However, earlier software development practices were nothing but defined. The customer IT manager concretized this in terms of tracking the ideas: “Now we have the practical problem that the ideas are forgotten.

We have a traditional challenge: (how to manage a design process with changes), how to get a centralized tracking of the ideas for advancing with these properly (until the design and work tasks are incorporated into the product development)”. Meanwhile different actors collaborated without clear instructions and methods, with persons they had earlier been collaborating, answering the needs of those who request them the most. This created contradictions when the formal project manager tried to enforce the strictness of the process. The others just continued their old ways of working and undefined collaboration. The relationship between the customer and the vendor was consequently driven by both the process and the customary collaboration practices. This contradiction resulted in

another chaos. After four months, a crisis meeting was set to clean the air.

The customer’s CIO made an intervention, and personally tried to steer the project back on track. As he brags about having “tricks that all the other [vendor’s]

tasks will stop if we face that kind of [major] problem”, he defined the practices, gave a carrot to the vendor to deliver the ERP on time, and commanded the next roll- out in early May (in three weeks) on five test sites. The roll-out was successful in a sense that the system was installed. However, it was still far from perfect as more than 40 severe faults were identified. This resulted in a situation, where “[the customer was] doing a lot of testing (on behalf of) [the vendor]. We are identifying the defects that they should already have found (in their testing environment)” (Customer CIO).

The vendor continued fixing the bugs and developing new features with their outsourcing partner, and with the project manager acting as a boundary spanner between the customer and the vendor. The progress was minimal. The bugs remained, new features were continuously expected and expectations failed, and new roll-outs were postponed. Although the situation annoyed both the customer and the vendor, there was mutual understanding. In the words of the vendor customer support: “There are still lots of customer wishes about what they want. [They express] that they want this and that, but we've gone a bit backwards, and the customer understands it and agrees that we should focus on fixing these”.

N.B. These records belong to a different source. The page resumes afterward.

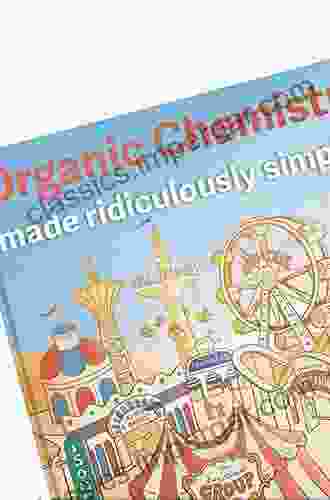 Organic Chemistry Made Ridiculously Simple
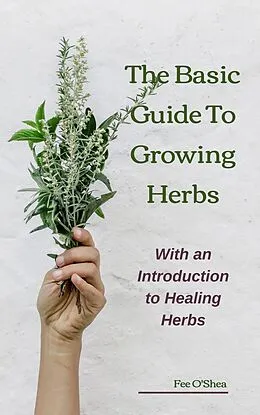 E-Book (epub) The Basic Guide to Growing Herbs: With an Introduction to Healing Herbs von Fee O'Shea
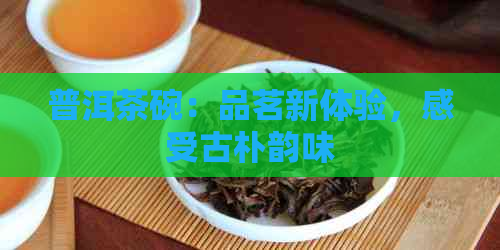 普洱茶碗：品茗新体验，感受古朴韵味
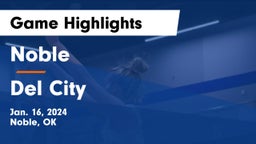 Noble  vs Del City  Game Highlights - Jan. 16, 2024
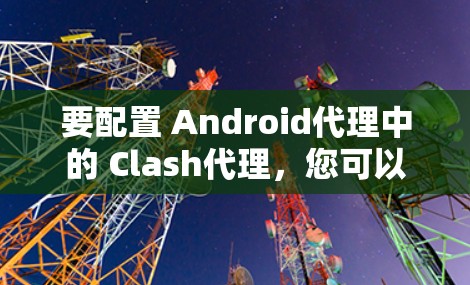 要配置 Android代理中的 Clash代理，您可以按照以下步骤操作。Clash 是一个代理服务器工具，通常用于管理下载代理、游戏服务器等场景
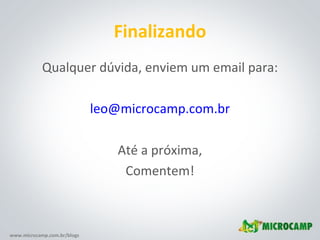 Finalizando Qualquer dúvida, enviem um email para: [email_address] Até a próxima, Comentem! 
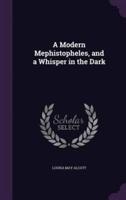 A Modern Mephistopheles, and a Whisper in the Dark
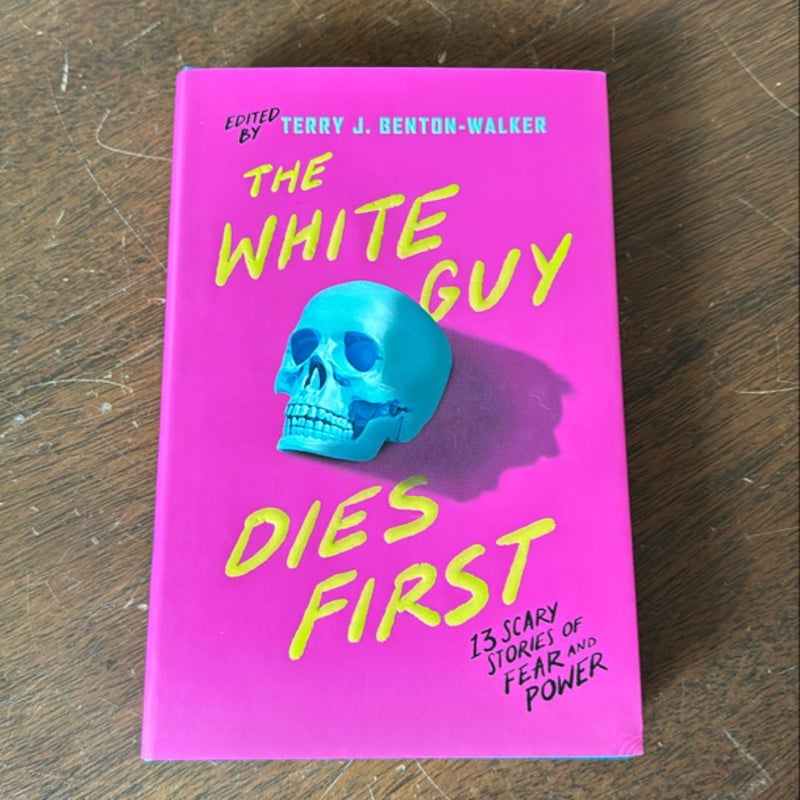 The White Guy Dies First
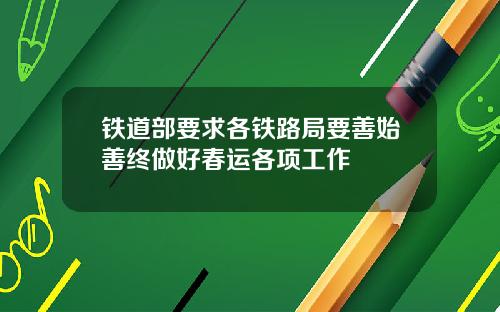 铁道部要求各铁路局要善始善终做好春运各项工作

In early November, the CIO made another intervention, and summoned another meeting with the vendor. This time the contract was re-negotiated. It explicitly defined what is needed and when – in early January. As the timeline was very strict, the project objectives were mitigated. This made the project tight but realistic, which all agreed. The managers assumed the contract would steer the project to a happy end.

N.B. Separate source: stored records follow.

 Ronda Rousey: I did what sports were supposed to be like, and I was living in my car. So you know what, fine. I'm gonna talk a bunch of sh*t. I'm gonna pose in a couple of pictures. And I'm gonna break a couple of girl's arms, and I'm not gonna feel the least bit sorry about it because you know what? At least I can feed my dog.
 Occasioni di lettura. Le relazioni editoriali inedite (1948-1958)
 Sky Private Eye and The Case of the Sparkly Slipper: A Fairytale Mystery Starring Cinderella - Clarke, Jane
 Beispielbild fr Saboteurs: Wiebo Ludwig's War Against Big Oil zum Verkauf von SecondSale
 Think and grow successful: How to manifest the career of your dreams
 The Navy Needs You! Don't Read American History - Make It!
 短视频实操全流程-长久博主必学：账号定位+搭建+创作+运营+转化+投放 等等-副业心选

But it didn’t. The contract neither defined the collaboration practices unambiguously nor were they clearly communicated. For example, Vendor Customer support suggested that they “should have meetings at short intervals. As our release cycle is two weeks, we have to know what to plan for the next release, and what are the most important points there.” Although the project advanced significantly by the deadline, the progress was not enough. There was still a significant number of defects and missing features, even when comparing to the old ERP. New features were still about to come. Nevertheless, the vendor was happy with the progress and was not concerned about these issues. They believed the deadlines would be postponed again.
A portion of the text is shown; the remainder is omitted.